O conceito de família sofreu mudanças ao longo da História, acompanhando a própria evolução da sociedade. Assim, na sociedade colonial era bastante comum as relações concubinárias entre os estrangeiros portugueses colonizadores e as índias que aqui habitavam. Durante o período imperial, também era comum o concubinato entre os senhores de engenho e as escravas negras, que muitas vezes recebiam a carta de alforria e eram sustentadas por seus antigos senhores.

Porém, apesar dessas relações sempre terem existido, desde os primórdios da formação de nosso país, elas sempre foram marginalizadas, escondidas e as partes integrantes dessas relações, sobretudo as mulheres, eram, e continuam sendo, vítimas de preconceito e estigmatização.

Nesse contexto, as relações concubinárias, que sempre foram marginalizadas, aparecem como um importante ponto de análise, pois se discute a possibilidade de serem reconhecidas pelo Direito como uma forma de entidade familiar.

A Constituição Federal de 1988 trata da Família no Art. 226, trazendo um rol exemplificativo, o qual não exclui a possibilidade de outros modelos de entidade familiar. Vejamos:

Art. 226. A família, base da sociedade, tem especial proteção do Estado.

§ 1º O casamento é civil e gratuita a celebração.

§ 2º O casamento religioso tem efeito civil, nos termos da lei.

§ 3º Para efeito da proteção do Estado, é reconhecida a união estável entre o homem e a mulher como entidade familiar, devendo a lei facilitar sua conversão em casamento.

§ 4º Entende-se, também, como entidade familiar a comunidade formada por qualquer dos pais e seus descendentes.

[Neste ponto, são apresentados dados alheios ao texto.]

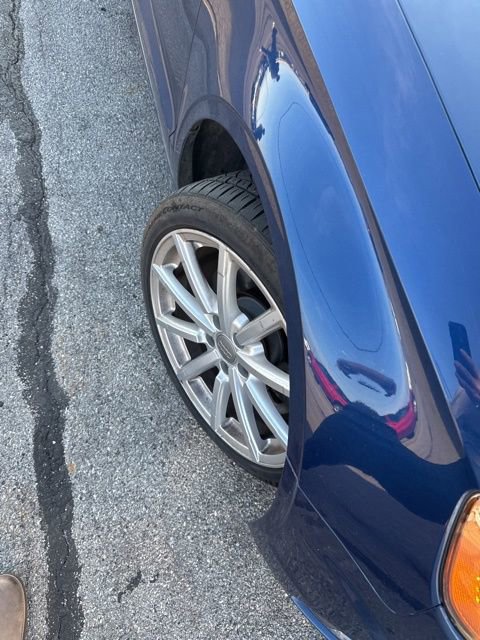 Used 2016 Audi A3 2.0T Premium Plus w/ Technology Package image 13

§ 5º Os direitos e deveres referentes à sociedade conjugal são exercidos igualmente pelo homem e pela mulher.

§ 6º O casamento civil pode ser dissolvido pelo divórcio. (Redação dada Pela Emenda Constitucional nº 66, de 2010)

§ 7º Fundado nos princípios da dignidade da pessoa humana e da paternidade responsável, o planejamento familiar é livre decisão do casal, competindo ao Estado propiciar recursos educacionais e científicos para o exercício desse direito, vedada qualquer forma coercitiva por parte de instituições oficiais ou privadas.

§ 8º O Estado assegurará a assistência à família na pessoa de cada um dos que a integram, criando mecanismos para coibir a violência no âmbito de suas relações.

Desse modo, a família deve ser entendida como o núcleo no qual o ser humano é capaz de desenvolver todas as suas potencialidades individuais, tendo em vista o princípio da dignidade da pessoa humana, além dos princípios do Direito das Famílias.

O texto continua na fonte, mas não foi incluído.